Before I start using TOR, is there a method of specifying the specific instance of chrome (in this case a chrome browser that uses a specific proxy server) that you want to use for your CRI code.

A similar thing is avaliable with puppeteer in which you can set the options for chrome, and then create a "browser" from those options.

const puppeteer = require('puppeteer');

(async () => {

    const options = {
        headless: true,
        args: [
            '--disable-gpu',
            '--no-sandbox'
        ],
    };

    const browser = await puppeteer.launch(options);
    // do puppeteer stuff
})();

As stated before, I'm using chrome launcher which (upon launching and passing it the relevant chrome options) returns what I assume is an instance of the browser.

let chrome = await chromeLauncher.launch({
    port: 9222,
    chromeFlags: ["--disable-gpu", "--headless", "--enable-logging"]
});

I'm wondering whether there is a similar way of doing this (like puppeteer) before I delve into using TOR ?

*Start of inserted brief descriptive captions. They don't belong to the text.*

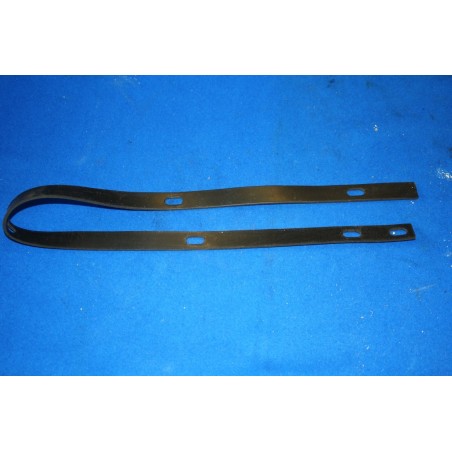 Tesnenie krytu motora- guma10V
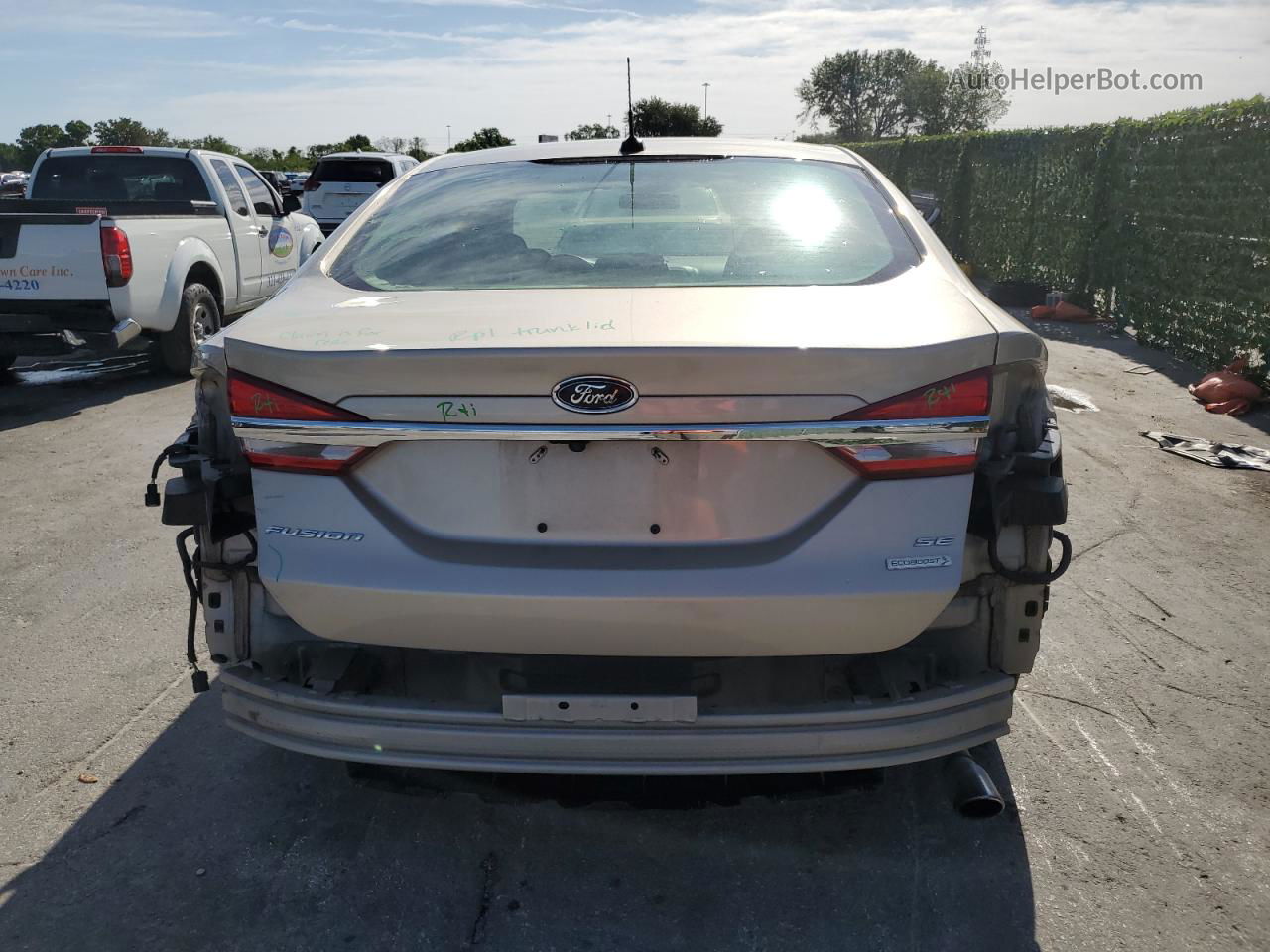 2018 Ford Fusion Se Beige vin: 3FA6P0HD8JR106782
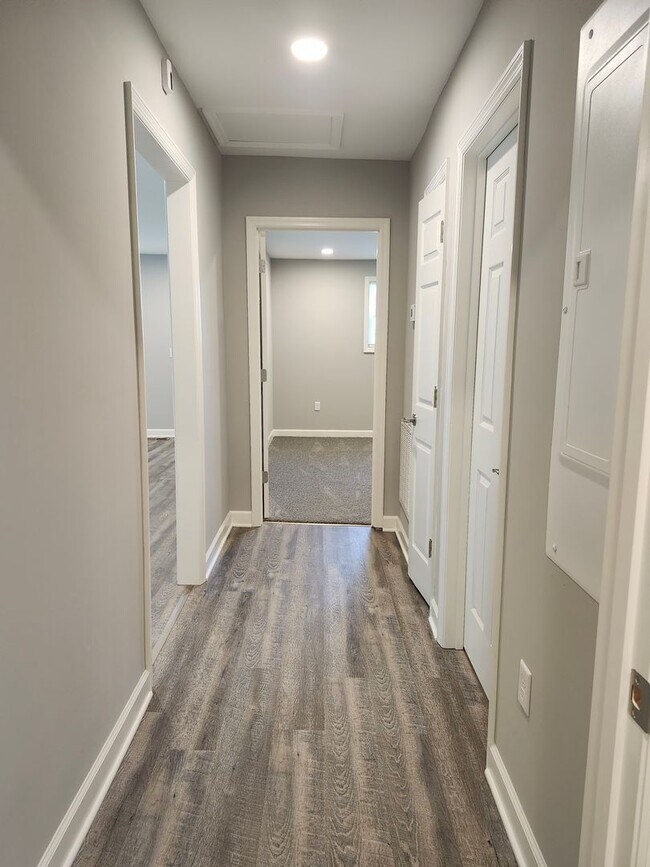 Building Photo - 2 bedroom 1 bath fully updated home in Eas...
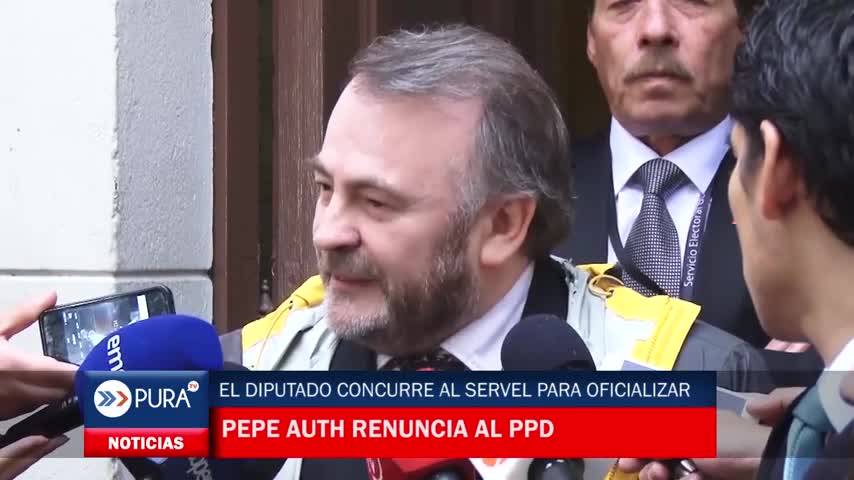 Pepe Auth concretó ante el Servel su renuncia al PPD, denunció falta de democracia interna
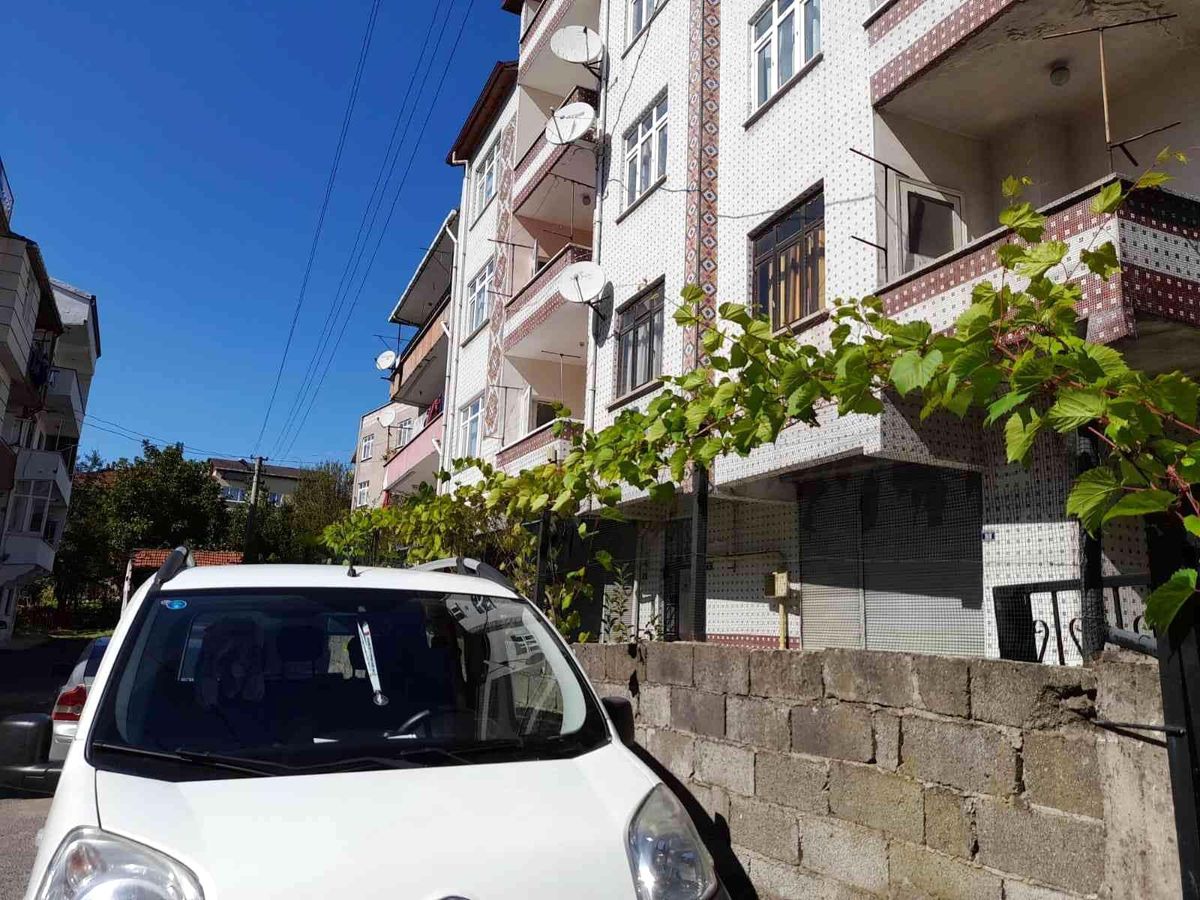 Öğretmen evinde ölü bulundu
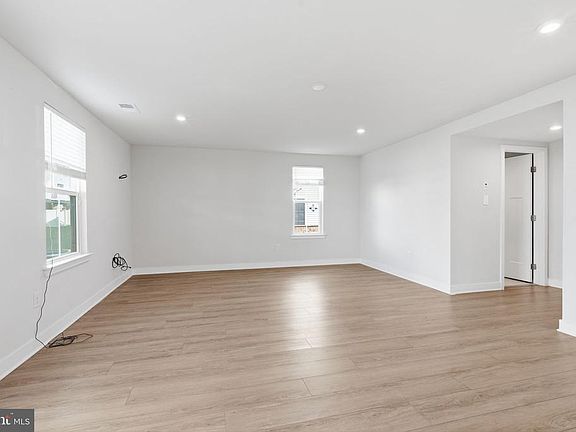 3rd image of 30 Dolcie Ln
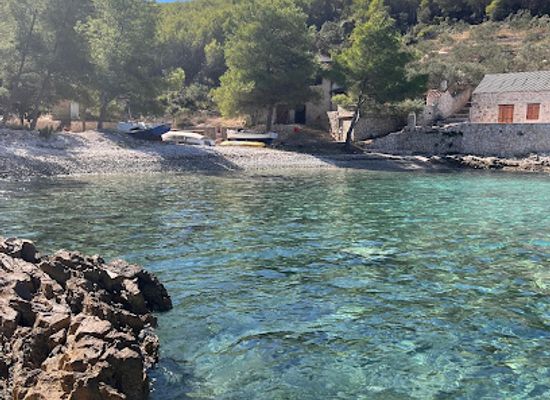 croatia/hvar-island/attraction/jagodna-bay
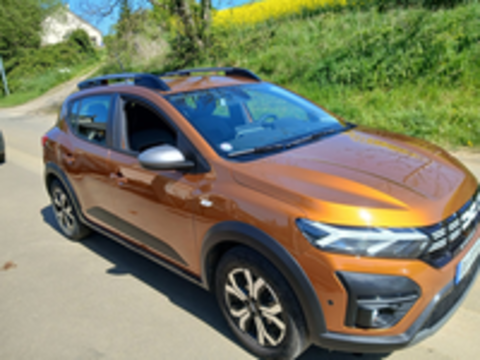 Sandero ECO-G 100 Stepway Expression occasion 08450 Angecourt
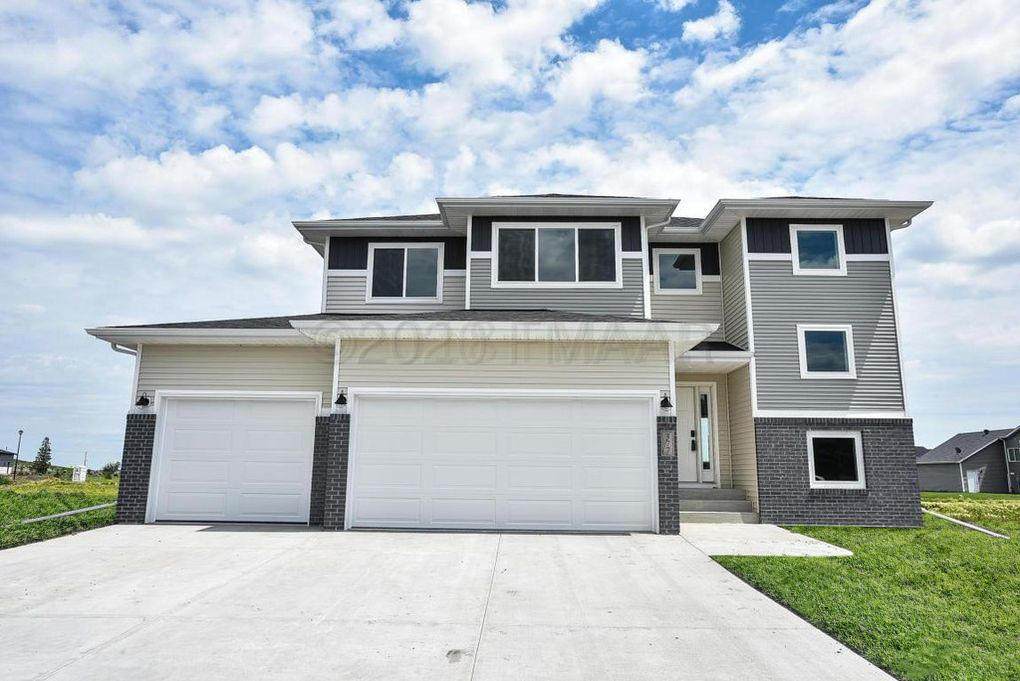 377 Carlsbad Avenue - Photo 1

cyrus-and commented 3 years ago

Just use a different port (if you need) an use that port with CRI:

const client = await CDP({port: 1234});
SwitchGM commented 3 years ago

This seems to work perfectly, thank you! I'm wondering whether CRI / CDP has a method that allows me to authenticate a proxy username / password in headless mode ? I'm recieving a 407 response (proxy authentication required).

EDIT: So far I have found this https://groups.google.com/a/chromium.org/g/headless-dev/c/KOR84u-FNU0/m/TGc6HVbwBAAJ, for the dev tools protocol, using Network.requestIntercept ?

EDIT 2: https://chromedevtools.github.io/devtools-protocol/tot/Network/#type-AuthChallenge Here's the exact section in the CDP for authenticating proxies, unfortunatly I'm not sure how to write this in code.

EDIT 3: https://github.com/cyrus-and/chrome-remote-interface/blob/master/lib/protocol.json found AuthChallange, and AuthChallangeResponse from some place in the CRI repo, I'm fairly sure that this is possible now, just not sure how to go about doing then when recieving a 401 or 407 error

EDIT 4: Possibly getting closer here, using puppeteer as a reference as it has a #authenticate method for private proxy servers, after a bit of digging (initially scoped around inside of the #authenticate method itself, and wasn't able to make too much sense) I found an auth method that seems to be related to proxies https://github.com/puppeteer/puppeteer/blob/49f25e2412fbe3ac43ebc6913a582718066486cc/utils/testserver/index.js#L188. The function seems to be used later here https://github.com/puppeteer/puppeteer/blob/49f25e2412fbe3ac43ebc6913a582718066486cc/src/common/NetworkManager.ts#L194, unfortunatly I don't understand fully the parameters passed.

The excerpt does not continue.